* TASK PROMPT
Could you copy, exactly as written, every line from the first line of the records through the one containing "A pregnant woman holds her belly."?
◇ ◇ ◇
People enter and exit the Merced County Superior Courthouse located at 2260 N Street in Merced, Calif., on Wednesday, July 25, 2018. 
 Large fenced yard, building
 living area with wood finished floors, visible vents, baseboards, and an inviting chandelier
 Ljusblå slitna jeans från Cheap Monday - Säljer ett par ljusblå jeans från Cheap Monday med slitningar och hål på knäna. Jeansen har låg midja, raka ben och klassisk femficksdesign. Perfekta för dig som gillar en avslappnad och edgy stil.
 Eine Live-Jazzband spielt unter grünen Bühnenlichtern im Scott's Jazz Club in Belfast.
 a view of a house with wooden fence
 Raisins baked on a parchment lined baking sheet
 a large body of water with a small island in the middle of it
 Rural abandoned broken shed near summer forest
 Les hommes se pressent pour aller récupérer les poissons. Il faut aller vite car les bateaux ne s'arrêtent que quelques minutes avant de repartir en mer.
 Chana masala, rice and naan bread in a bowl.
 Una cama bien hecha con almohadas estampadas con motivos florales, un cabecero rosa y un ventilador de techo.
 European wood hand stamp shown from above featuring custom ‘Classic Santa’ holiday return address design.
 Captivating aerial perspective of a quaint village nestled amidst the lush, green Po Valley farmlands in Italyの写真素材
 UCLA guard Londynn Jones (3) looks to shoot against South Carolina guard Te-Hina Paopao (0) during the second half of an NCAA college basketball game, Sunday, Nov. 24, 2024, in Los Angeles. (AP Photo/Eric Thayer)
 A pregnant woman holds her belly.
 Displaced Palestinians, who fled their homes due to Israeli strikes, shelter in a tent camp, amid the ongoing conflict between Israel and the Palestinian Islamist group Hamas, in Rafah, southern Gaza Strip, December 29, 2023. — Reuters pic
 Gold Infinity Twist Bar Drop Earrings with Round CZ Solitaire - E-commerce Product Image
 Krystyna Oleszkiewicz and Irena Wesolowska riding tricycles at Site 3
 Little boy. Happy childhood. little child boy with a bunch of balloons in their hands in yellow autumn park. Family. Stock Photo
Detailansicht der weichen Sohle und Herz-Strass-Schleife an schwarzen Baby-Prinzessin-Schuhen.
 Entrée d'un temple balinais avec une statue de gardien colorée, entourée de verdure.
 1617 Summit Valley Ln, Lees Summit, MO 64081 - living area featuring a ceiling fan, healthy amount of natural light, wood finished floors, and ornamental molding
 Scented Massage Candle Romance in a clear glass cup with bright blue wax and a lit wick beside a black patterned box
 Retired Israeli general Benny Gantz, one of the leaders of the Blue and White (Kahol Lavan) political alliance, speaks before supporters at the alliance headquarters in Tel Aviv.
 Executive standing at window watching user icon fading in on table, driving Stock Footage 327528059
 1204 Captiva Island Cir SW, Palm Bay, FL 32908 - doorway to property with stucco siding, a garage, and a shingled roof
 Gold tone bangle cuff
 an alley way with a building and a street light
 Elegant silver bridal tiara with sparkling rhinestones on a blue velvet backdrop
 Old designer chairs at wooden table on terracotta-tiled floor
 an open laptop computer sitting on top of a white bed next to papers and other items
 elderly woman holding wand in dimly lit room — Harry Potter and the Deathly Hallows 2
◇ ◇ ◇
* WRITTEN ANSWER
People enter and exit the Merced County Superior Courthouse located at 2260 N Street in Merced, Calif., on Wednesday, July 25, 2018. 
 Large fenced yard, building
 living area with wood finished floors, visible vents, baseboards, and an inviting chandelier
 Ljusblå slitna jeans från Cheap Monday - Säljer ett par ljusblå jeans från Cheap Monday med slitningar och hål på knäna. Jeansen har låg midja, raka ben och klassisk femficksdesign. Perfekta för dig som gillar en avslappnad och edgy stil.
 Eine Live-Jazzband spielt unter grünen Bühnenlichtern im Scott's Jazz Club in Belfast.
 a view of a house with wooden fence
 Raisins baked on a parchment lined baking sheet
 a large body of water with a small island in the middle of it
 Rural abandoned broken shed near summer forest
 Les hommes se pressent pour aller récupérer les poissons. Il faut aller vite car les bateaux ne s'arrêtent que quelques minutes avant de repartir en mer.
 Chana masala, rice and naan bread in a bowl.
 Una cama bien hecha con almohadas estampadas con motivos florales, un cabecero rosa y un ventilador de techo.
 European wood hand stamp shown from above featuring custom ‘Classic Santa’ holiday return address design.
 Captivating aerial perspective of a quaint village nestled amidst the lush, green Po Valley farmlands in Italyの写真素材
 UCLA guard Londynn Jones (3) looks to shoot against South Carolina guard Te-Hina Paopao (0) during the second half of an NCAA college basketball game, Sunday, Nov. 24, 2024, in Los Angeles. (AP Photo/Eric Thayer)
 A pregnant woman holds her belly.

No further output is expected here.